**Task goal:** Begin your copy at the line that holds "aphmau starlight in aaron’s purple jacket" and carry it through the final line of the data, writing out each line exactly and omitting pictures.

**Given data:**

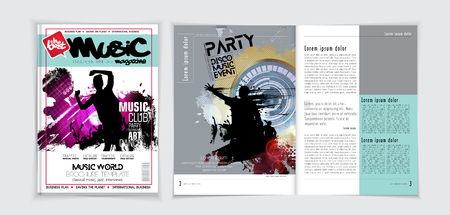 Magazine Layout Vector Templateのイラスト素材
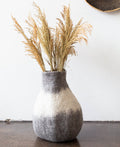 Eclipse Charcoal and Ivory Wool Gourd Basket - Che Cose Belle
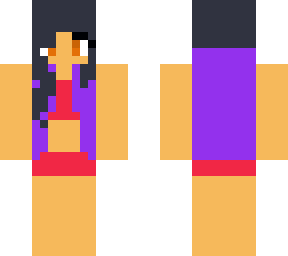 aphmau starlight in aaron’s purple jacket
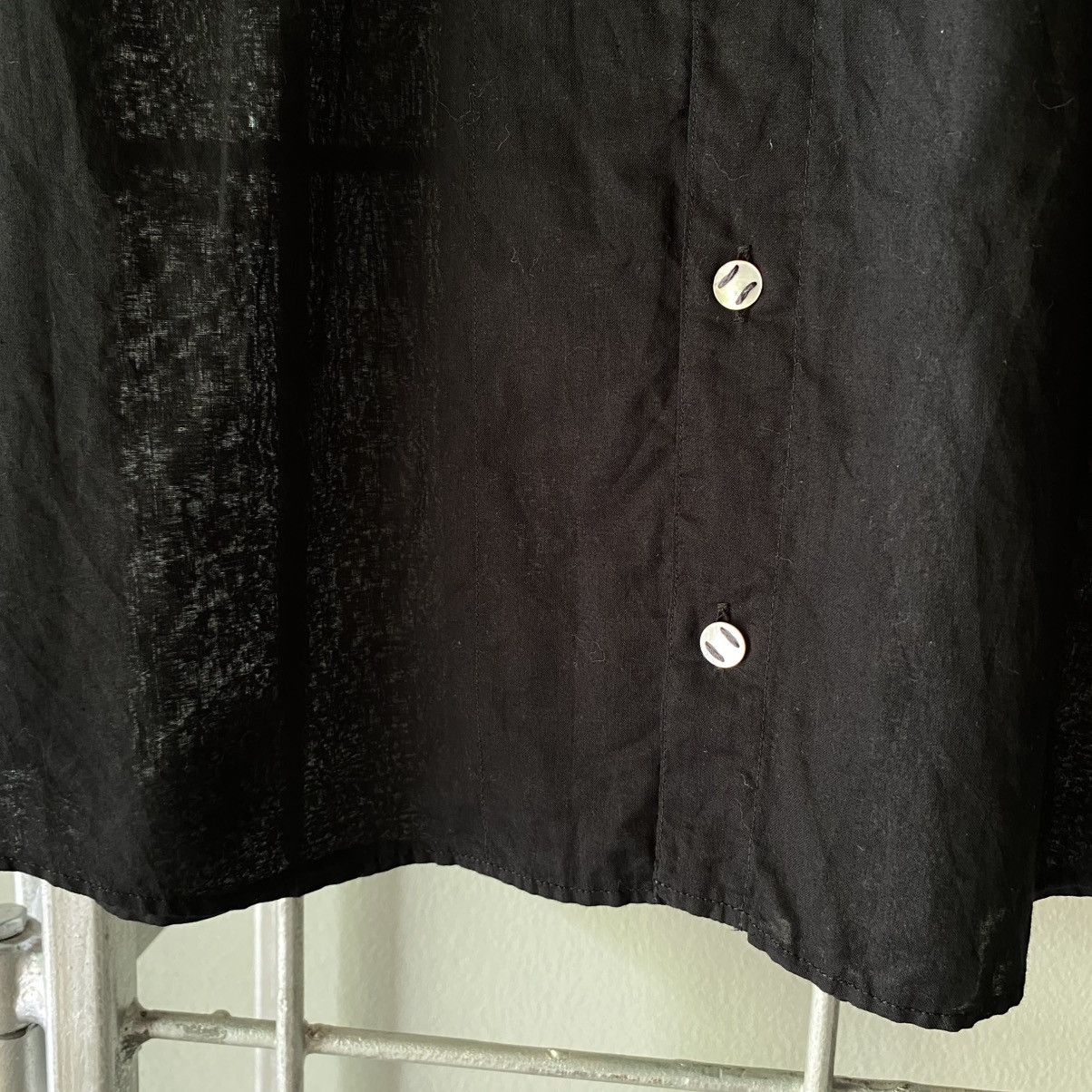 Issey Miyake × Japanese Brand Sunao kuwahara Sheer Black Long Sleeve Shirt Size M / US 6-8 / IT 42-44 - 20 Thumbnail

**Response:**
 aphmau starlight in aaron’s purple jacket
 Issey Miyake × Japanese Brand Sunao kuwahara Sheer Black Long Sleeve Shirt Size M / US 6-8 / IT 42-44 - 20 Thumbnail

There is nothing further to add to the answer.